+++ MATERIAL SUPPLIED +++
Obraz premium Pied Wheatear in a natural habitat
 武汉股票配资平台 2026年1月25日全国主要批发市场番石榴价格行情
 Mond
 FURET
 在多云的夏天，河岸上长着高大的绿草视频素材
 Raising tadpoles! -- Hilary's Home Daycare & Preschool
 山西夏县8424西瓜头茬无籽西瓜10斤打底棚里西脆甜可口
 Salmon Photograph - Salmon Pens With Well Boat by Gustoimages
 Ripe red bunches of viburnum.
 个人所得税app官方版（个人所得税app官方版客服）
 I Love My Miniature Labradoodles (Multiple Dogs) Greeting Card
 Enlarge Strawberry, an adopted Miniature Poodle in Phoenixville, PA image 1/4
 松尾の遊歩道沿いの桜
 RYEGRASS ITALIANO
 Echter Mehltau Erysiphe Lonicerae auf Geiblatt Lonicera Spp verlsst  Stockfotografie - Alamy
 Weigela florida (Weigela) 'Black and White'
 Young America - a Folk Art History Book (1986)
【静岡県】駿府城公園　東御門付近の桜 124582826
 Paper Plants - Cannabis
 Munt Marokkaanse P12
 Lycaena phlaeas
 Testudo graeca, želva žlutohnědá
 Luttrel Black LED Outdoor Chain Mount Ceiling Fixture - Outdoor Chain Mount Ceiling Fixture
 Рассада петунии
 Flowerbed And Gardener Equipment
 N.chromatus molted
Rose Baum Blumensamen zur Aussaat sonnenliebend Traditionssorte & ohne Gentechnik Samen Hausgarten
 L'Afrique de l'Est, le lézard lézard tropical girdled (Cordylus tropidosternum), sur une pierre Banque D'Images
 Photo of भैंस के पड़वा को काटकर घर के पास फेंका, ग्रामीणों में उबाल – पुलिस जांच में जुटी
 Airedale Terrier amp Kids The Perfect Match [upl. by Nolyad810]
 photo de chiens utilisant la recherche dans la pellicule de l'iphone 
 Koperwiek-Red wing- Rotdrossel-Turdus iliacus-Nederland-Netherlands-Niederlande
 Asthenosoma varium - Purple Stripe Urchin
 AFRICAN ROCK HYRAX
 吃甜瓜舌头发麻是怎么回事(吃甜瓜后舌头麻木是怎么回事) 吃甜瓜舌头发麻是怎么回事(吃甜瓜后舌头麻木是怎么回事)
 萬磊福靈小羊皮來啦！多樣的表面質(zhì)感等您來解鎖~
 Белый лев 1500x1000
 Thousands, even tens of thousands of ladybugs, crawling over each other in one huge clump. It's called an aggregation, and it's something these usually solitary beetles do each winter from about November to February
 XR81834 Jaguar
+++
• [HOW TO COMPLETE THIS TASK]:
Without leaving anything out, output all of the material exactly.

• [RESULT FOR THIS EXERCISE]:
Obraz premium Pied Wheatear in a natural habitat
 武汉股票配资平台 2026年1月25日全国主要批发市场番石榴价格行情
 Mond
 FURET
 在多云的夏天，河岸上长着高大的绿草视频素材
 Raising tadpoles! -- Hilary's Home Daycare & Preschool
 山西夏县8424西瓜头茬无籽西瓜10斤打底棚里西脆甜可口
 Salmon Photograph - Salmon Pens With Well Boat by Gustoimages
 Ripe red bunches of viburnum.
 个人所得税app官方版（个人所得税app官方版客服）
 I Love My Miniature Labradoodles (Multiple Dogs) Greeting Card
 Enlarge Strawberry, an adopted Miniature Poodle in Phoenixville, PA image 1/4
 松尾の遊歩道沿いの桜
 RYEGRASS ITALIANO
 Echter Mehltau Erysiphe Lonicerae auf Geiblatt Lonicera Spp verlsst  Stockfotografie - Alamy
 Weigela florida (Weigela) 'Black and White'
 Young America - a Folk Art History Book (1986)
【静岡県】駿府城公園　東御門付近の桜 124582826
 Paper Plants - Cannabis
 Munt Marokkaanse P12
 Lycaena phlaeas
 Testudo graeca, želva žlutohnědá
 Luttrel Black LED Outdoor Chain Mount Ceiling Fixture - Outdoor Chain Mount Ceiling Fixture
 Рассада петунии
 Flowerbed And Gardener Equipment
 N.chromatus molted
Rose Baum Blumensamen zur Aussaat sonnenliebend Traditionssorte & ohne Gentechnik Samen Hausgarten
 L'Afrique de l'Est, le lézard lézard tropical girdled (Cordylus tropidosternum), sur une pierre Banque D'Images
 Photo of भैंस के पड़वा को काटकर घर के पास फेंका, ग्रामीणों में उबाल – पुलिस जांच में जुटी
 Airedale Terrier amp Kids The Perfect Match [upl. by Nolyad810]
 photo de chiens utilisant la recherche dans la pellicule de l'iphone 
 Koperwiek-Red wing- Rotdrossel-Turdus iliacus-Nederland-Netherlands-Niederlande
 Asthenosoma varium - Purple Stripe Urchin
 AFRICAN ROCK HYRAX
 吃甜瓜舌头发麻是怎么回事(吃甜瓜后舌头麻木是怎么回事) 吃甜瓜舌头发麻是怎么回事(吃甜瓜后舌头麻木是怎么回事)
 萬磊福靈小羊皮來啦！多樣的表面質(zhì)感等您來解鎖~
 Белый лев 1500x1000
 Thousands, even tens of thousands of ladybugs, crawling over each other in one huge clump. It's called an aggregation, and it's something these usually solitary beetles do each winter from about November to February
 XR81834 Jaguar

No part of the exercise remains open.